I think he's right on both counts.

As to McCain, Republicans tend to operate on more of an "it's their turn" mentality when picking nominees. In 1980, it was Ronald Reagan's turn after he was defeated by Gerald Ford in their 1976 nomination fight. In 1996, Bob Dole was given the nod following his 1988 loss to George H.W. Bush.

In 2008, it's McCain's turn, although there will certainly be other challengers who'll want to have some say about that. But one can only wonder if the nomination that year will prove to be as valuable as it did for Dole in '96?

As to Giuliani, he is far too liberal to pass muster with a plurality of GOP primary voters, no matter how many candidates are in the field diluting the conservatives' numbers when things start in Iowa.

2 comments:

Deborah said...

What about conservative Mitt Romney, who earlier this year creatively pioneered a bipartisan, market-based solution for health insurance coverage for all of his state's residents?

Mark Daniels said...

Romney's candidacy seems to be gaining traction, as evidenced by the non-endorsement endorsement he recently received from Jeb Bush.

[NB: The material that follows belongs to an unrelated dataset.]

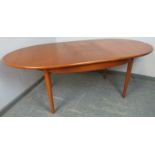 A mid-century teak oval extending dining table by G-Plan, with butterfly folding central leaf, on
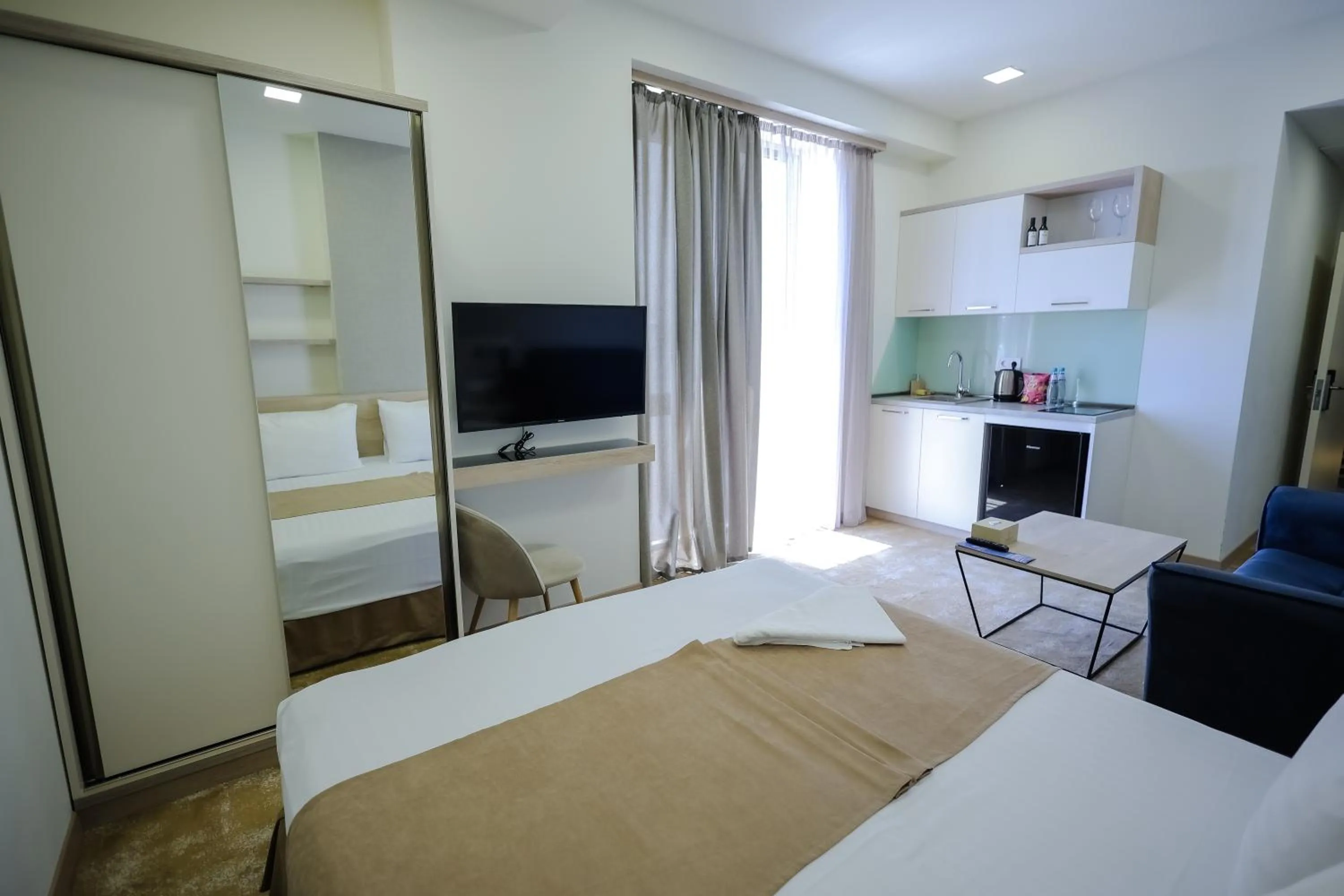 Photo of the whole room, Bed in Rooftop Apart-Hotel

But so far, I've found it difficult to take his run very seriously. Although he appears to have been an interesting governor, his woodenness on the stump is off-putting. He appears to constantly be playing it safe. I'm sure part of that is paranoia about "blowing up" as his father did prior to the 1968 New Hampshire primary. Then, George Romney's campaign for president crashed as the result of his "brainwashed" statement about meetings he had with Pentagon officials on the Vietnam War.

Romney's lackluster personal presence makes it difficult for me to see how he's going to connect with people.

Mind you, this isn't a policy judgment...just a political one. (To reiterate: I don't do endorsements around here.)